Il faudrait aussi ajouter les contradictions que vivent les majeurs coincés dans l’économie parallèle et qui, à l’orée de la trentaine, se sentent enfermés dans une autre forme d’impasse, avec des dispositions tout à fait différentes. Les utopistes dépeints par les auteurs sont des mineurs qui ont réussi à quitter la France mais qui ont échoué dans leurs plans d’attentats – et ce n’est pas surprenant. Jusqu’à récemment, partir nécessitait relativement peu de ressources et de compétences spécifiques mais supposait d’avoir de bonnes raisons de vouloir adhérer à un nouveau projet [7]. Comme j’ai pu l’indiquer dans mes propres travaux, réussir à organiser un attentat-suicide et aller jusqu’au bout nécessite plutôt d’avoir de bonnes raisons de vouloir sublimer et mettre en spectacle une impasse biographique, obligeant à posséder des dispositions, des ressources et des qualités d’un autre genre. Elles renvoient sans doute moins à la fabrique de la radicalité qu’à la fabrique du guerrier. Cette fabrique française du guerrier a son histoire nationale – celle de la constitution d’une seconde zone chez une petite frange de la jeunesse des quartiers populaires – et une histoire irako-syrienne, avec toute l’incertitude qui entoure aujourd’hui ce que sont devenus les « revenants » [8]. Se posent alors d’autres questions, liées à une socialisation prolongée dans des contextes de violences traumatiques et à son impact sur le cycle de vie des individus. Au regard de cette enquête, elles interrogent le possible continuum entre radicalité agonistique et radicalité utopique à mesure que le temps passe pour des jeunes nécessairement amenés à vieillir.

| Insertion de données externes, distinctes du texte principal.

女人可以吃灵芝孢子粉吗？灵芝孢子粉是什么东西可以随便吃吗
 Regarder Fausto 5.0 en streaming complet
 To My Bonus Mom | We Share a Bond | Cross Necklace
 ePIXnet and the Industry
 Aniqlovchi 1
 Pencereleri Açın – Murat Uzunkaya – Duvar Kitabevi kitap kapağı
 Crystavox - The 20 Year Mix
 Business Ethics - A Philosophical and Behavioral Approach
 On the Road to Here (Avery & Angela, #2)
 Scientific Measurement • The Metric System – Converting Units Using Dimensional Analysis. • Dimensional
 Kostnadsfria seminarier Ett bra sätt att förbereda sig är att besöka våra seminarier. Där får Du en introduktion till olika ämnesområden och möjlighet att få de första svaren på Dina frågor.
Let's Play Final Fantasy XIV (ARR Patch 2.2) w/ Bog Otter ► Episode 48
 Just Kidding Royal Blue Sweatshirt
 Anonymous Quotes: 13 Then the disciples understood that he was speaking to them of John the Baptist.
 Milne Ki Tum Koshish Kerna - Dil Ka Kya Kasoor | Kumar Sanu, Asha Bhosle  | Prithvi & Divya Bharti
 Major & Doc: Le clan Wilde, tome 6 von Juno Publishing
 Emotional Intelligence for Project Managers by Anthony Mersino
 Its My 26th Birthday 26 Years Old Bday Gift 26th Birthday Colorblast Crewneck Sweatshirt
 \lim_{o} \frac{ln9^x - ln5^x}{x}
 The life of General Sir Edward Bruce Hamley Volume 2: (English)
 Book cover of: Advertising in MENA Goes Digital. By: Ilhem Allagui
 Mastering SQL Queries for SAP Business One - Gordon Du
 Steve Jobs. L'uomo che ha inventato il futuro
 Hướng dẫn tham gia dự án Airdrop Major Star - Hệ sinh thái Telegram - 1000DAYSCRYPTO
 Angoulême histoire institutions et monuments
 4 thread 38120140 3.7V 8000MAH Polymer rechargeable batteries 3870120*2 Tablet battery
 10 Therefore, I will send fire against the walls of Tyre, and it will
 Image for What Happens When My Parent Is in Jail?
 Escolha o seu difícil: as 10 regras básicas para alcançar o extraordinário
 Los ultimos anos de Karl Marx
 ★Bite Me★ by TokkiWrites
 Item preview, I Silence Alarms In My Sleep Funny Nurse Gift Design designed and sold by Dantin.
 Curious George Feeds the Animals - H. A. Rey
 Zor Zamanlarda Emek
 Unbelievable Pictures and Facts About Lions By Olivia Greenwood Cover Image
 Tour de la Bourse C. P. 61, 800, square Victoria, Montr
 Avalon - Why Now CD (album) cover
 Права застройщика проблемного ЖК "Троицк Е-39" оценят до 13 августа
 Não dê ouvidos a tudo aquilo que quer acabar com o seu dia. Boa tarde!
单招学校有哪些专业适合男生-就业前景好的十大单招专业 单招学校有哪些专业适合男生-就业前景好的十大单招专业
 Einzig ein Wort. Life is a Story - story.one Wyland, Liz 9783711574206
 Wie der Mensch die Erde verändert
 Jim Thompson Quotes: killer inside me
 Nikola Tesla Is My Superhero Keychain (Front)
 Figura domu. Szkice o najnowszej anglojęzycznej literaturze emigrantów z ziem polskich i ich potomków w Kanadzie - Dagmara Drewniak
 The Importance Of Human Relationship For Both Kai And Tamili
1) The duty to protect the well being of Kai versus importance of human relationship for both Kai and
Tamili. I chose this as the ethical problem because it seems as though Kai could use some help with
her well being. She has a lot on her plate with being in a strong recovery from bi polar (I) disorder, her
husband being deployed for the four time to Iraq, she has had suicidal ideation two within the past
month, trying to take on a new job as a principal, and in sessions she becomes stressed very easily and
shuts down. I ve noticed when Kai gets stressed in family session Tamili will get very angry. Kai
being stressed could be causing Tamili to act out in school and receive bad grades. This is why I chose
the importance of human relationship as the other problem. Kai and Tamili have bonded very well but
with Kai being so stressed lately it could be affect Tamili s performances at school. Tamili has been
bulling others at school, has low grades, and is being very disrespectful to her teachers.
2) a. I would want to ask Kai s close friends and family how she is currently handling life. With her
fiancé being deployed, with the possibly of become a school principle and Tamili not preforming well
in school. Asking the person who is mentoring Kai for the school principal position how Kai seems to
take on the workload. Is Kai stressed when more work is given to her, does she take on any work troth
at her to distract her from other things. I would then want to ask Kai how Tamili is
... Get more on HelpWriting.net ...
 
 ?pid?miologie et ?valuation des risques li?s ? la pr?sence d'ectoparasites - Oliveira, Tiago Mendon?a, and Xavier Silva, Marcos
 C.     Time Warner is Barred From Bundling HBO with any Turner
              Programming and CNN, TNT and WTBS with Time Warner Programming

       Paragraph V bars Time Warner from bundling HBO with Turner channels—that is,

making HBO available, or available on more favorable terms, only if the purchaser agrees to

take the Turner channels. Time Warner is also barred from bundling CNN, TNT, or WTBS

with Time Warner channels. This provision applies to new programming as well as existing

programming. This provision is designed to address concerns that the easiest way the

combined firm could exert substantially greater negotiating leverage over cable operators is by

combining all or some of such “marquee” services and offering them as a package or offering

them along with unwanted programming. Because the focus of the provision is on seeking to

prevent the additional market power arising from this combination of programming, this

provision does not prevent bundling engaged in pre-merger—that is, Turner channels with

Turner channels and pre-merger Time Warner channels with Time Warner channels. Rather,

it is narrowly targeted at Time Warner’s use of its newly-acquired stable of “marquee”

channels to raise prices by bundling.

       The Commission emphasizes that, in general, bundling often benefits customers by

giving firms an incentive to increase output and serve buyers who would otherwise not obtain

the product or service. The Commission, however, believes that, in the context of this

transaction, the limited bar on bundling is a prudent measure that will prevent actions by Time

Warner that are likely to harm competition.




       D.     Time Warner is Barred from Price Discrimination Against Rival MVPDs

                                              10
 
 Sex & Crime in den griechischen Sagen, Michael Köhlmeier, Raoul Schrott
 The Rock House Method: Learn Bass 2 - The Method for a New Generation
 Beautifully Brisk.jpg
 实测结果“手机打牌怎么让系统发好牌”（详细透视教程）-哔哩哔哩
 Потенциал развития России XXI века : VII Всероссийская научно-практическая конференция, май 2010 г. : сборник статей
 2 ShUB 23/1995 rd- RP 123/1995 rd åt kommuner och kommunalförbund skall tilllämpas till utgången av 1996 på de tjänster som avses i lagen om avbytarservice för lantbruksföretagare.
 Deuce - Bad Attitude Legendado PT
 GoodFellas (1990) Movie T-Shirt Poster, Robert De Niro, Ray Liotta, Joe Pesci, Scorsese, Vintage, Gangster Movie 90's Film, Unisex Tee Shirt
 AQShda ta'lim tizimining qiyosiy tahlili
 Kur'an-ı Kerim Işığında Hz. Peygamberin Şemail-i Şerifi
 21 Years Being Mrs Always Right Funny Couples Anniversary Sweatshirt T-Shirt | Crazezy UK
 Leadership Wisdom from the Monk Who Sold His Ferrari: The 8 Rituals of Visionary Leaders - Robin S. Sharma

De ce point de vue, les récents appels émanant de Daech à commettre des attentats solitaires de proximité (et de fortune) ne font que révéler une adaptation aux contraintes effectives qui jouent désormais pour les jeunes occidentaux dans le passage de la radicalité à la guerre. Elles témoignent sans doute d’une réduction objective des options terroristes mais leur succès montre qu’il existe toujours un auditoire préparé à les entendre. En rendant visible leur fabrique sociale, les enquêtes sociologiques comme celles de Laurent Bonelli et Fabien Carrié nous rappellent qu’il existe, ici et maintenant, de multiples leviers d’actions touchant, en amont, à nos comportements collectifs et au fonctionnement de nos institutions.
Laurent Bonelli, Fabien Carrié, La Fabrique de la radicalité. Une sociologie des jeunes djihadistes français. Le Seuil, 2018, 312 p., 20 €.